►

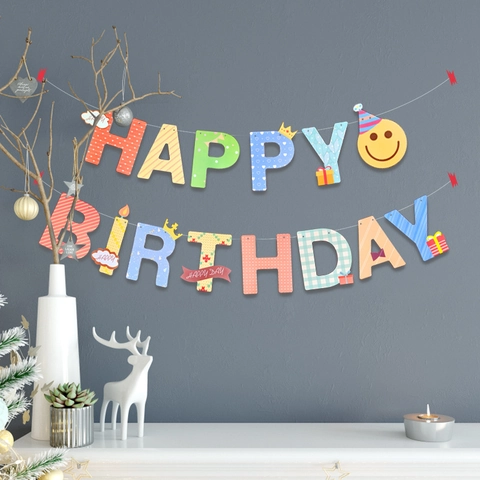 Cartoon Happy Birthday Letter Banner Colorful Paper Bunting Garland For Kids Birthday Party Decoration Backdrop Supplies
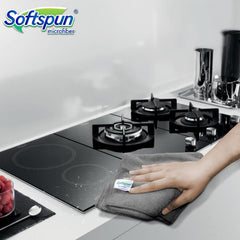 Softspun Microfiber Cleaning Cloths Towel Set 300 Gsm | Highly Absorbent Lint And Streak Free Multi-Purpose Wash Cloth For Kitchen, Car, Stainless (2 Pcs)- Grey
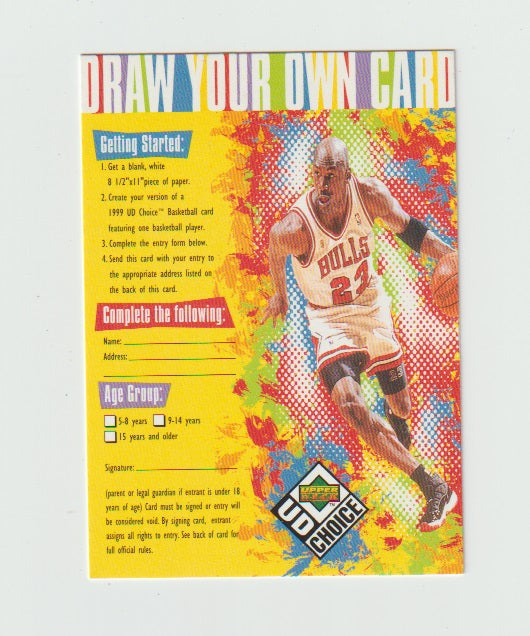 1998-99 UD Choice Draw Your Own Trading Card Michael Jordan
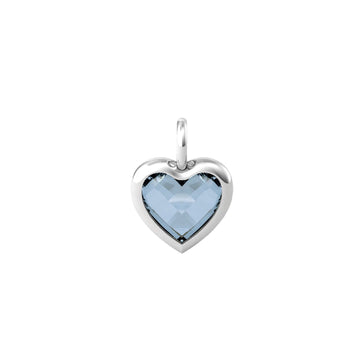 Charm Kidult By You donna acciaio a cuore piccolo con glass azzurro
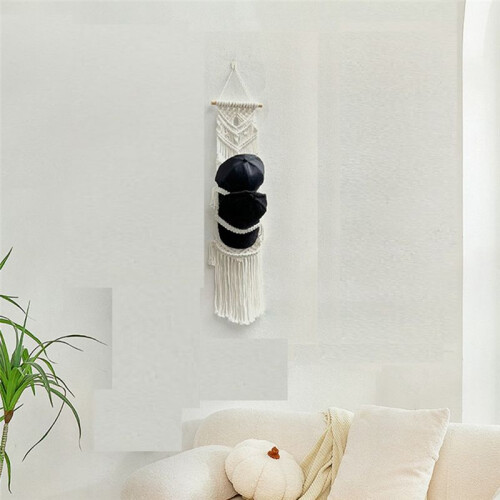 Cap Hanger-Boho Macrame Cap Holder Wall Hat Organizer for Baseball Cap Holder Over Door,Hat Rack for Wall,Cap RackA 2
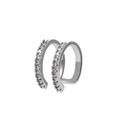 Silver double-layer ear cuff with shimmering pavé zircon stones in a minimalist style - Silver (02WhiteK1774)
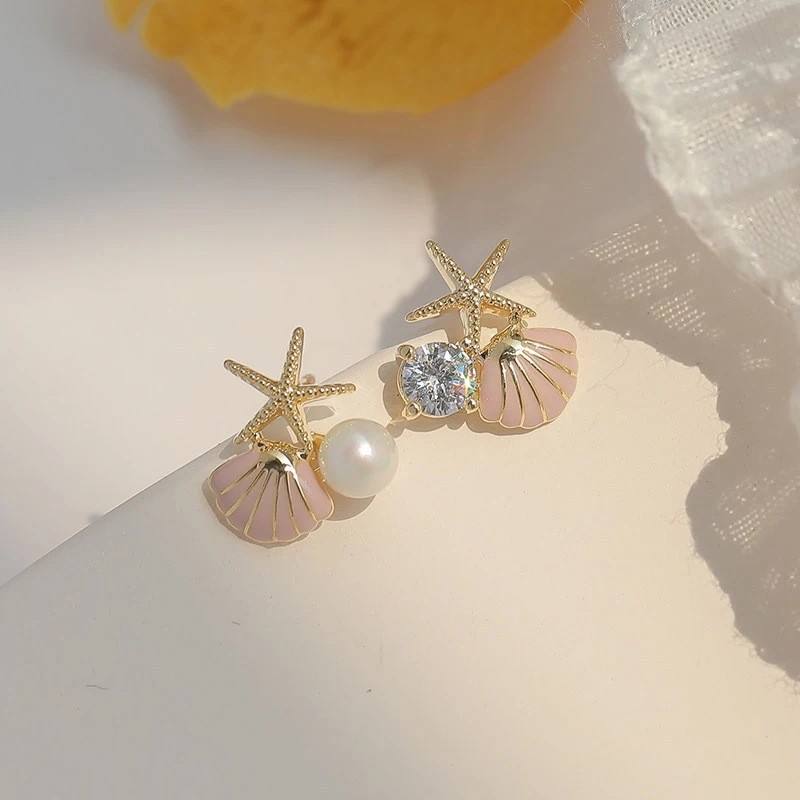 Starfish-and-Shell-Pearl-Earrings 3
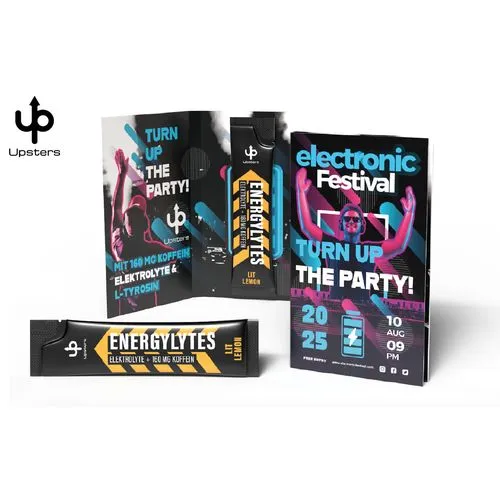 STICKS ENERGYLYTES UPSTERS dans une carte personnalisable pliable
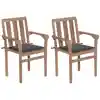 Image de Chaises De Jardin Lot De 2 Et Coussins Anthracite Bois De Teck Vidaxl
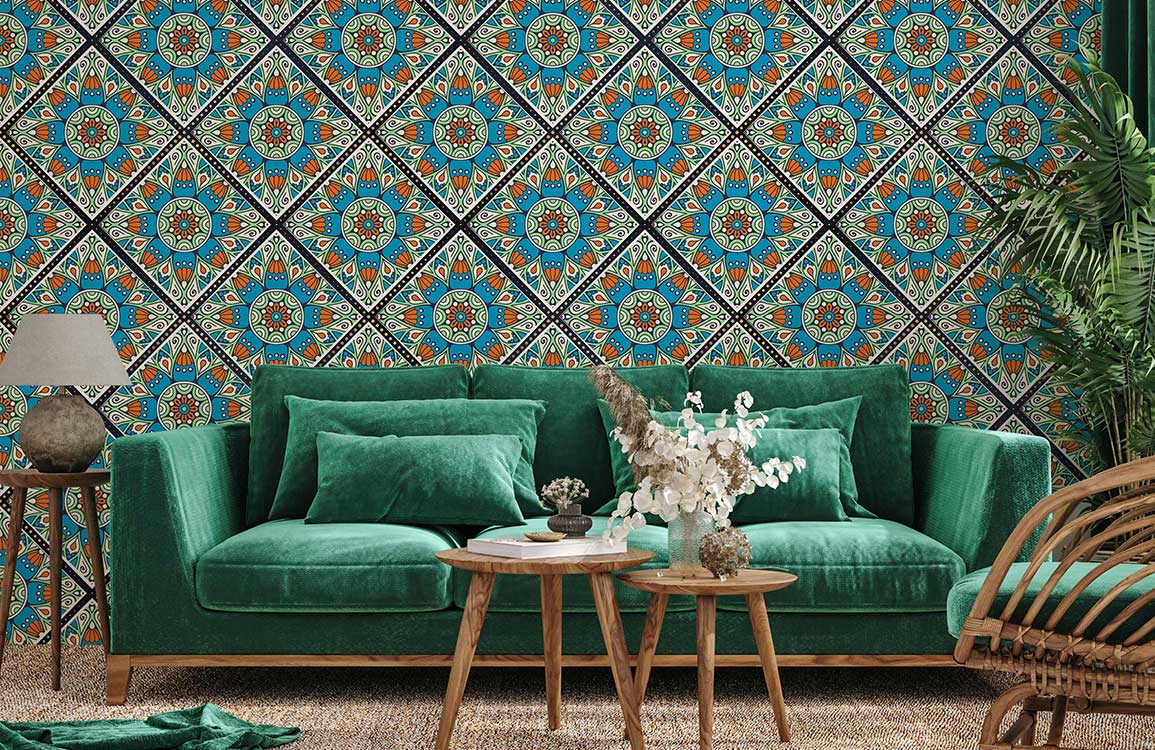 Vibrant Turquoise Mediterranean tile wallpaper with green velvet sofa, wood tables, textured rug, indoor plants.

◄

§ **EXERCISE GOAL**: Reproduce exactly, and only, the part of the entries above that runs from the line with "Cap Hanger-Boho Macrame" to the last line, both included. Pictures stay out.

§ **RESPONSE TO THIS TASK**:
 Cap Hanger-Boho Macrame Cap Holder Wall Hat Organizer for Baseball Cap Holder Over Door,Hat Rack for Wall,Cap RackA 2
 Silver double-layer ear cuff with shimmering pavé zircon stones in a minimalist style - Silver (02WhiteK1774)
 Starfish-and-Shell-Pearl-Earrings 3
 STICKS ENERGYLYTES UPSTERS dans une carte personnalisable pliable
 Image de Chaises De Jardin Lot De 2 Et Coussins Anthracite Bois De Teck Vidaxl
 Vibrant Turquoise Mediterranean tile wallpaper with green velvet sofa, wood tables, textured rug, indoor plants.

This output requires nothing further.